INVESTMENT AGREEMENT ("Agreement"), dated as of June 8, 2004, by and
between GameZnFlix, Inc., a Nevada corporation ("Company"), and Southern
Securities, Inc., a Delaware corporation ("Investor").

WHEREAS, the parties desire that, upon the terms and subject to the
conditions contained herein, the Investor shall invest up to Fifteen Million
Dollars ($15,000,000) to purchase the Company's common stock, one tenth of
one cent ($0.001) par value per share ("Common Stock");

WHEREAS, such investments will be made in reliance upon the provisions
of Section 4(2) under the Securities Act of 1933, as amended ("1933 Act"), Rule
506 of Regulation D, and the rules and regulations promulgated thereunder,
and/or upon such other exemption from the registration requirements of the
1933 Act as may be available with respect to any or all of the investments
in Common Stock to be made hereunder; and

WHEREAS, contemporaneously with the execution and delivery of this
Agreement, the parties hereto are executing and delivering a Registration
Rights Agreement substantially in the form attached hereto as Exhibit A (as
amended from time to time, "Registration Rights Agreement") pursuant to
which the Company has agreed to provide certain registration rights under
the 1933 Act, and the rules and regulations promulgated thereunder, and
applicable state securities laws.

NOW THEREFORE, in consideration of the foregoing recitals, which shall
be considered an integral part of this Agreement, the covenants and
agreements set forth hereafter, and other good and valuable consideration,
the receipt and sufficiency of which is hereby acknowledged, the Company and
the Investor hereby agree as follows:

SECTION 1.  DEFINITIONS.

As used in this Agreement, the following terms shall have the following
meanings specified or indicated, and such meanings shall be equally
applicable to the singular and plural forms of the defined terms:

"1933 Act" shall have the meaning set forth in the preamble, above.

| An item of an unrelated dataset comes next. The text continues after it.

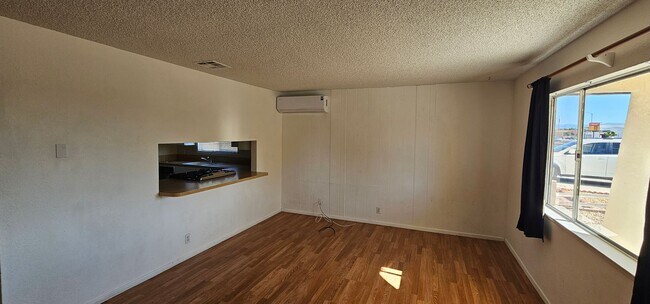 Foto del edificio - Cozy 3-bedroom, 2-bath with NEW Mini Split A/C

"1934 Act" shall mean the Securities Exchange Act of 1934, as it may be
amended.

"Affiliate" shall have the meaning specified in Section 5(h), below.

"Agreement" shall mean this Investment Agreement.

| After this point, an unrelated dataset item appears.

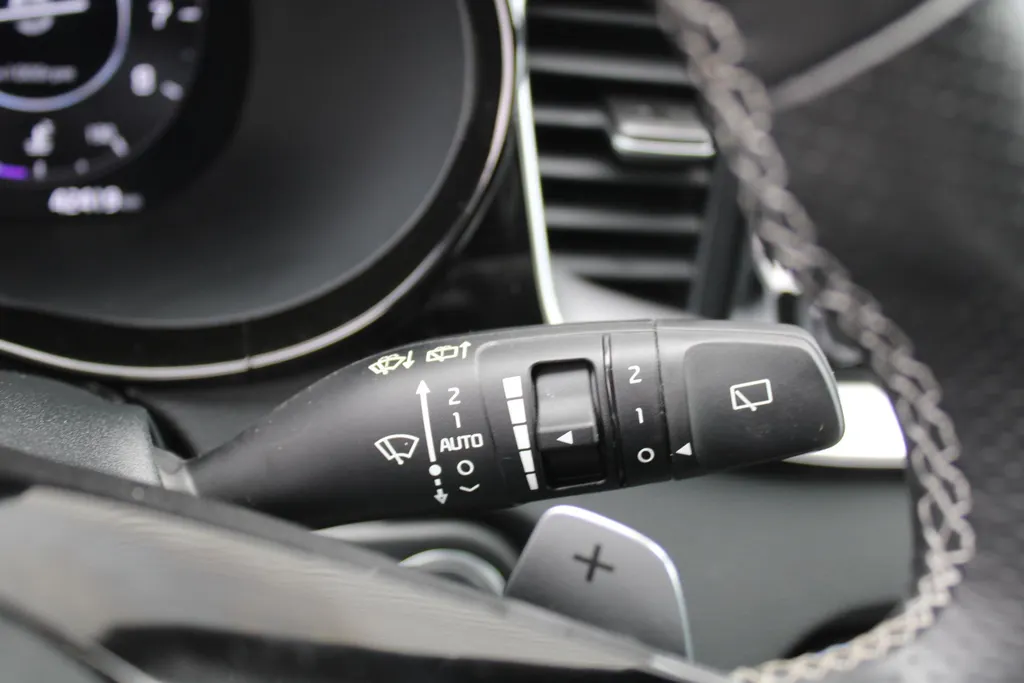 Kia ProCeed 1.5 T-GDi DCT7 GT-Line | BTW Auto | Automaat | Trekhaak | Verwarmde sportstoelen | Camera | Dodehoek detectie | Telefoonlader | LED |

"Best Bid" shall mean the highest posted bid price of the Common Stock.

"Buy In" shall have the meaning specified in Section 6, below.

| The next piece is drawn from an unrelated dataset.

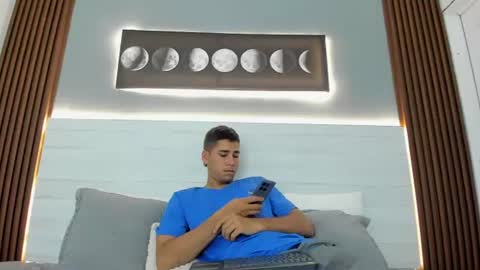mauro_boy online show from July 6, 7:05 pm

"Buy In Adjustment Amount" shall have the meaning specified in Section 6.

"Closing" shall have the meaning specified in Section 2(h).

"Closing Date" shall mean seven (7) Trading Days following the Put Notice
Date.

"Common Stock" shall have the meaning set forth in the preamble to this
Agreement.

"Control" or "Controls" shall have the meaning specified in Section 5(h).

"Covering Shares" shall have the meaning specified in Section 6.

"Effective Date" shall mean the date the SEC declares effective under the
1933 Act the Registration Statement covering the Securities.

"Environmental Laws" shall have the meaning specified in Section 4(m), below.

"Execution Date" shall mean the date first indicated above.

"Indemnitiees" shall have the meaning specified in Section 10, below.

"Indemnified Liabilities" shall have the meaning specified in Section 10,
below.

"Ineffective Period" shall mean any period of time that the Registration
Statement or any Supplemental Registration Statement (as defined in the
Registration Rights Agreement) becomes ineffective or unavailable for use
for the sale or resale, as applicable, of any or all of the Registrable
Securities (as defined in the Registration Rights Agreement) for any reason
(or in the event the prospectus under either of the above is not current and
deliverable) during any time period required under the Registration Rights
Agreement.

"Investor" shall have the meaning indicated above.

"Major Transaction" shall have the meaning specified in Section 2(g), above.

"Material Adverse Effect" shall have the meaning specified in Section 4(a).

"Material Facts" shall have the meaning specified in Section 2(m).

"Maximum Common Stock Issuance" shall have the meaning specified in Section
2(j).

"Open Period" shall mean the period beginning on and including the Trading
Day immediately following the Effective Date and ending on the earlier to
occur of (i) the date which is 36 months from the Effective Date; and (ii)
termination of the Agreement in accordance with Section 9, below.